→ **RECORDS SHOWN**

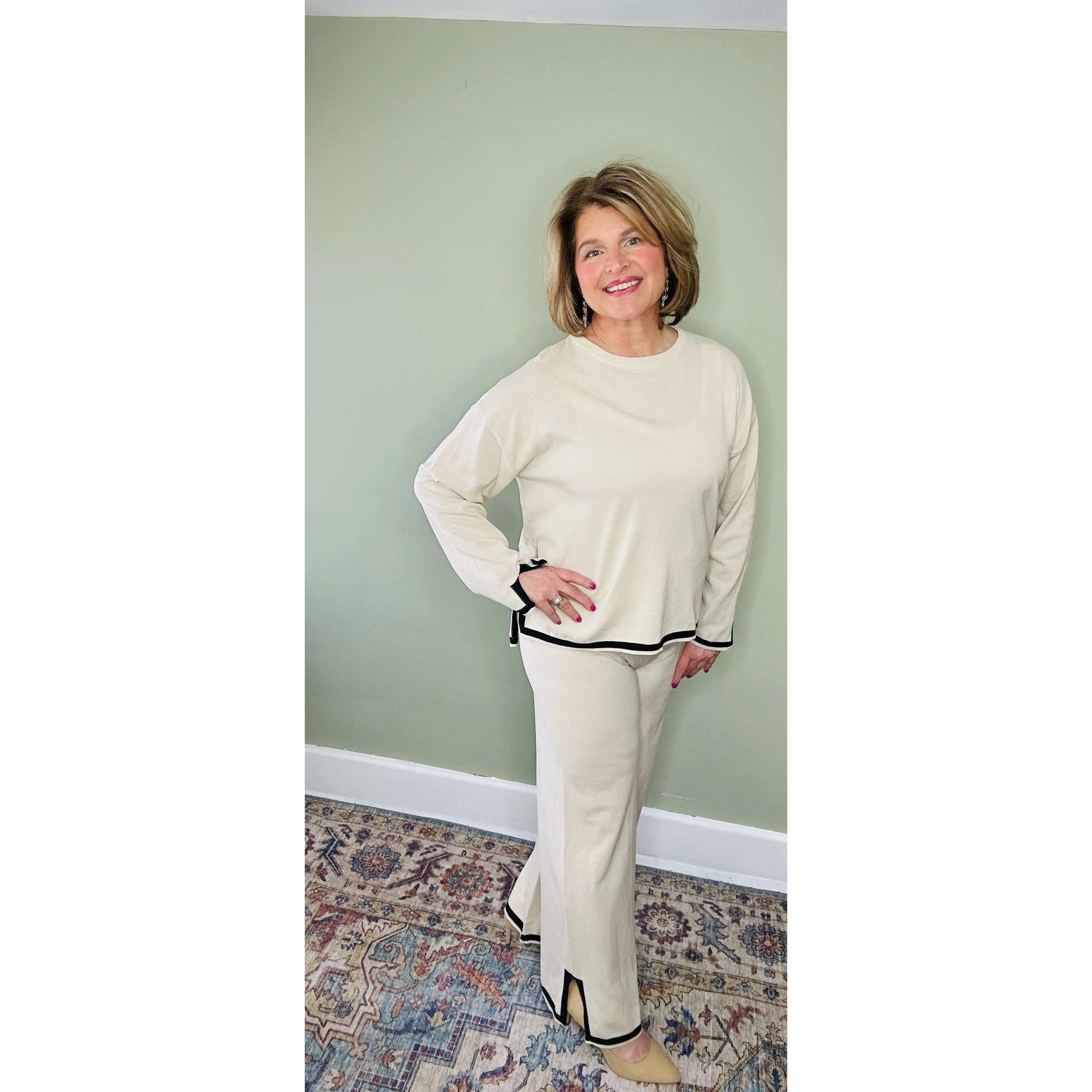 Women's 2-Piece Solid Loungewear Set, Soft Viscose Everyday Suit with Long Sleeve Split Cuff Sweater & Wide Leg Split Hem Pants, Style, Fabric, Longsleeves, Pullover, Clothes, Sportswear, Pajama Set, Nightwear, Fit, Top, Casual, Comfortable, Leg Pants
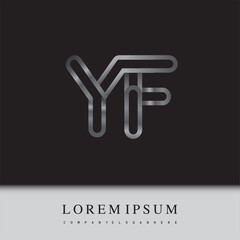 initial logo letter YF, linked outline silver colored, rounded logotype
...
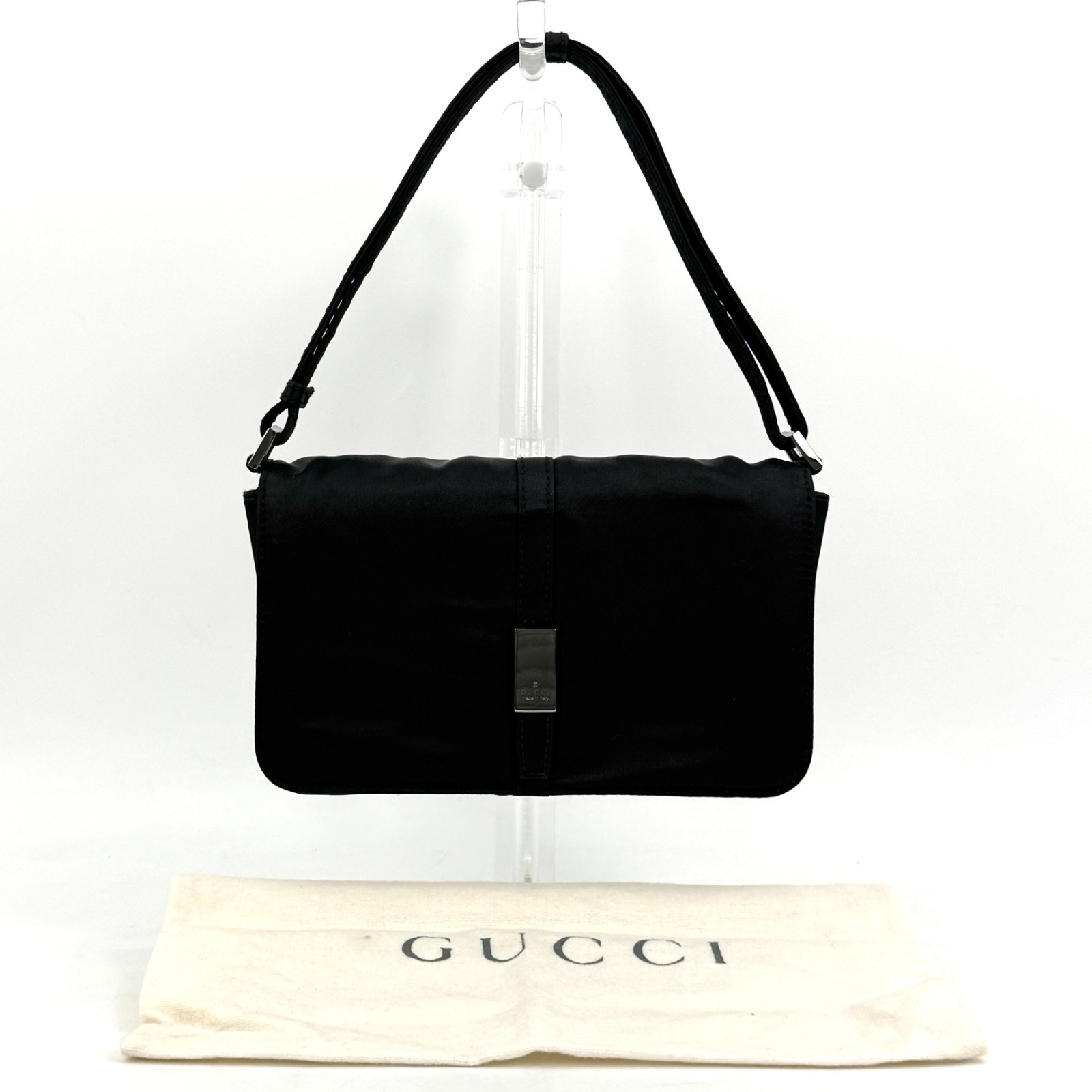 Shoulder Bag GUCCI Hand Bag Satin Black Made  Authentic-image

→ **WHAT TO WORK ON**
Output should consist of the lines above from the one with "Women's 2-Piece Solid" down to the one with "initial logo letter", exact and without pictures.

→ **SOLUTION TO THIS EXERCISE**
 Women's 2-Piece Solid Loungewear Set, Soft Viscose Everyday Suit with Long Sleeve Split Cuff Sweater & Wide Leg Split Hem Pants, Style, Fabric, Longsleeves, Pullover, Clothes, Sportswear, Pajama Set, Nightwear, Fit, Top, Casual, Comfortable, Leg Pants
 initial logo letter YF, linked outline silver colored, rounded logotype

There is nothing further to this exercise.